Born out of writer Kevin Dyer’s wish to share stories of women “who watched their men go”, this feels like a play for the modern day, so vital and up to date, with government cuts, world conflict and our understanding of PTSD improving every day. As part of the tour, The Man Who… stopped off at the brilliant community theatre The Ropeshackle Arts Centre to tell this Shoreham audience about “real lives at times of immense change.”
The piece often feels like a Radio 4 ‘play for the day’, a documentary drama feature with the narration from ‘real’ military wife Samantha Trussler interspersed with dramatic dialogue and flashbacks. Samantha clearly tells us that this is not her story being presented, yet there are moments that seem to resonate with her personally as she struggles to watch some of the more intensely angry scenes. This in itself is engaging as we try to imagine what life is like for the couples whose own lives are impacted by work in the armed forces.
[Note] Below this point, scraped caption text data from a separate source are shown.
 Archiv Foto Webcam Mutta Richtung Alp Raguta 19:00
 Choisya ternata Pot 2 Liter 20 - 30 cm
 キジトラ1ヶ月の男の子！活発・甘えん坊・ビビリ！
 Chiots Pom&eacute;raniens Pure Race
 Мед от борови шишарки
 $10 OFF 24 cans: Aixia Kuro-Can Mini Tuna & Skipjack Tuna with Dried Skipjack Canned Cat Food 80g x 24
It is rare that new writing has the opportunity to be so well researched and performed with such naturalistic commitment but this is one of those wonderful evenings of a synthesis of strong writing, subtle direction and performers who had clearly bought into their characters.
For those that like their theatre to have sparks of originality, they won’t be disappointed with this production. There are many moments that challenge theatrical convention, which just adds to the engaging storytelling of Dyer’s script. Sam Wilson’s Ashley is already on stage offering to make pancakes for the audience as we wait for the start of the show, not quite knowing what to expect next. This creates a gentle way into the performance and offers a glimpse into the jovial, kind Ashley, the friendly soldier who left for war but did not come home the same man.
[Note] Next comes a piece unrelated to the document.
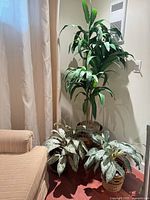 Group view of tall dracaena-style plant and two aglaonema plants in front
Wilson is well-cast as Ashley as we instantly warm to him and his charming wit. The change from before service to after is played effectively, without ever straying into villainous melodrama. We like Ashley, but we do not like whom he had become and this only helps to multiply the feelings of empathy towards his wife, Chloe, played by Stephanie Greer. The portrayal of their relationship is very convincing and, from the moment that Greer eats her first pancake through to the inevitable marital problems, there is never any doubt about her feelings of love, frustration and pain.
Perhaps the most interesting aspect of this particular performance is the way that the two stories are intertwined. It is such an interesting idea to have a ‘real’ storyteller, talking from experience, as this seems to make the performance more vital, more live and in the moment. Samantha Trussler speaks in an almost matter-of-fact manner, which in some ways makes her words more poignant. There is no dressing up of what the experience is like for those left at home and yet there is a glimmer of hope in Samantha’s own story which seems important. There are nice touches with David Haworth’s kitchen design and use of props to help tell various stories and keep us engaged with all of the action taking place in one space. The moments of drilling into the back of cupboards is a little distracting, though perhaps this may have been purposeful?
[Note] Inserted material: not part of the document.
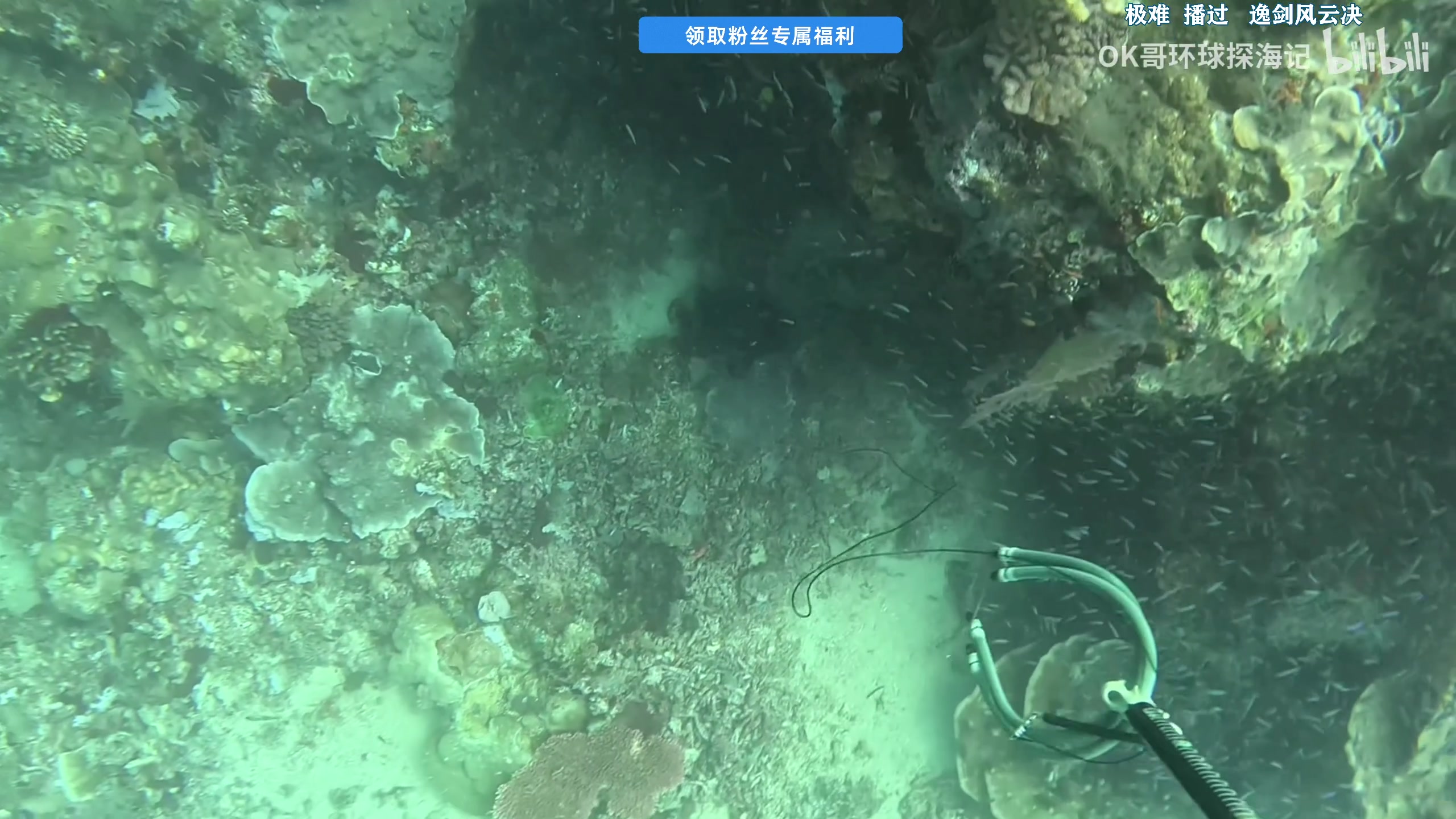 【2025-04-18 13点场】尐表哥：阳光明媚的早晨！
The performance was followed by a discussion with the audience, a reverse Q and A if you like, where the performers asked us, the audience, to share our thoughts and feelings. Suddenly the performance took a new turn and began a conversation that many wanted to carry on having, long after the lights had gone down. This is a fitting end to a really engaging piece, doing what all good theatre should do, namely leaving the audience reflecting on the performance well into the evening.
The tour continues throughout the country until the end of the month and I can’t recommend it highly enough.